Pertemuan tersebut dipimpin oleh Direktur Reserse Kriminal Umum (Dirreskrimum) Polda Maluku, Kombes Pol Dasmin Ginting, S.I.K, yang didampingi Direktur Lalu Lintas, Kabid Propam Polda Maluku, serta Kasat Lantas bersama Kanit Gakkum Satlantas Polresta Ambon.
Di hadapan anggota DPRD, Polda Maluku menegaskan komitmennya memberikan penjelasan terkait peristiwa yang terjadi secara menyeluruh. Kasus ini bermula dari kecelakaan lalu lintas (Lakalanats) pada 18 Juni 2024 yang kemudian berkembang menjadi kekerasan bersama.

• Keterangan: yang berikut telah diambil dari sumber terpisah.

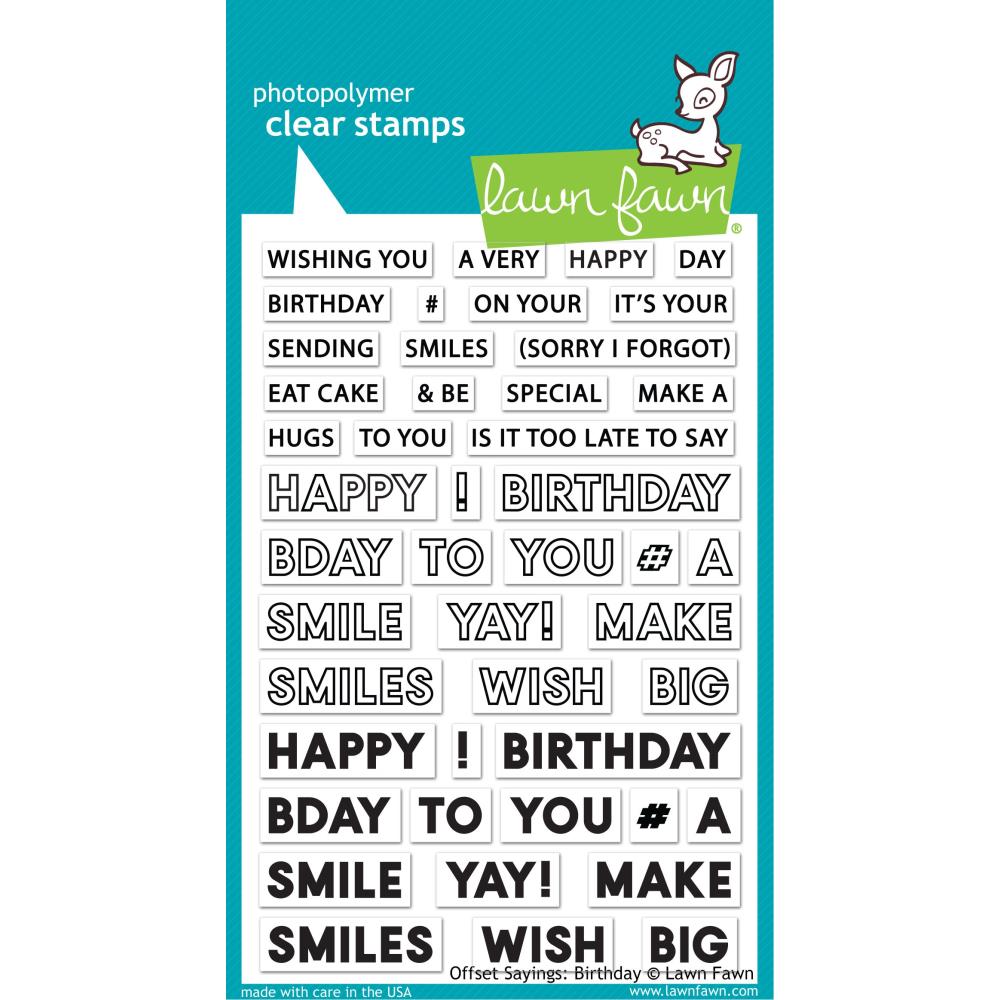 Bild 1 von Lawn Fawn Clear Stamps  - Clearstamp Offset Sayings: Birthday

Direktur Lantas Polda Maluku, Kombes Pol. Yudi Kristanto, S.I.K, menuturkan bahwa pihaknya selaku pembina fungsi lalu lintas telah memberikan penjelasan, namun penanganan pidana tetap berada di bawah fungsi Reskrim.
Sejumlah anggota DPRD Komisi I mendorong agar penyelesaian dapat ditempuh melalui Restorative Justice (RJ), mengingat pihak yang berselisih adalah warga sekitar.
Anggota DPRD Hasyim Rahayaan menyampaikan apresiasi atas upaya kepolisian dan mengingatkan bahwa penetapan tersangka harus berdasarkan unsur pidana. “RJ harus lahir dari kesepakatan kedua belah pihak,” tegasnya. Sementara Wahid Laitupa juga menekankan pentingnya penyelesaian non-hukum untuk mencegah konflik semakin meluas.
Menanggapi hal itu, Kombes Pol Dasmin Ginting menegaskan bahwa Polda Maluku menjamin penegakan hukum yang terukur dan transparan. “Kami akan melakukan langkah-langkah penegakan hukum secara terukur, transparan, dan bisa dipertanggungjawabkan kaitan dengan kasus 170 (kekerasan bersama) yang berawal dari kasus Lakalanats,” ujarnya.
Ia juga memastikan setiap perkembangan perkara akan disampaikan secara terbuka kepada pihak-pihak terkait.
Di sisi lain, Kabid Propam Polda Maluku, Kombes Pol. Indera Gunawan, S.I.K, menegaskan laporan terkait oknum polisi tetap akan ditindaklanjuti. Dari hasil pemeriksaan, tidak ditemukan cukup bukti, namun Propam tetap membuka diri untuk menerima bukti tambahan.
Pada akhir rapat, Wakil Ketua II Komisi I, Eddyson Sarimanella, SH, menyatakan bahwa pihaknya menyerahkan sepenuhnya kewenangan penegakan hukum kepada Polri, sembari mendorong upaya Restorative Justice.
Meski begitu, korban kekerasan bersama yang berinisial R.M. menegaskan sikapnya langsung di hadapan dewan dan aparat kepolisian bahwa penyelesaian kasus harus dilakukan sesuai aturan hukum yang berlaku.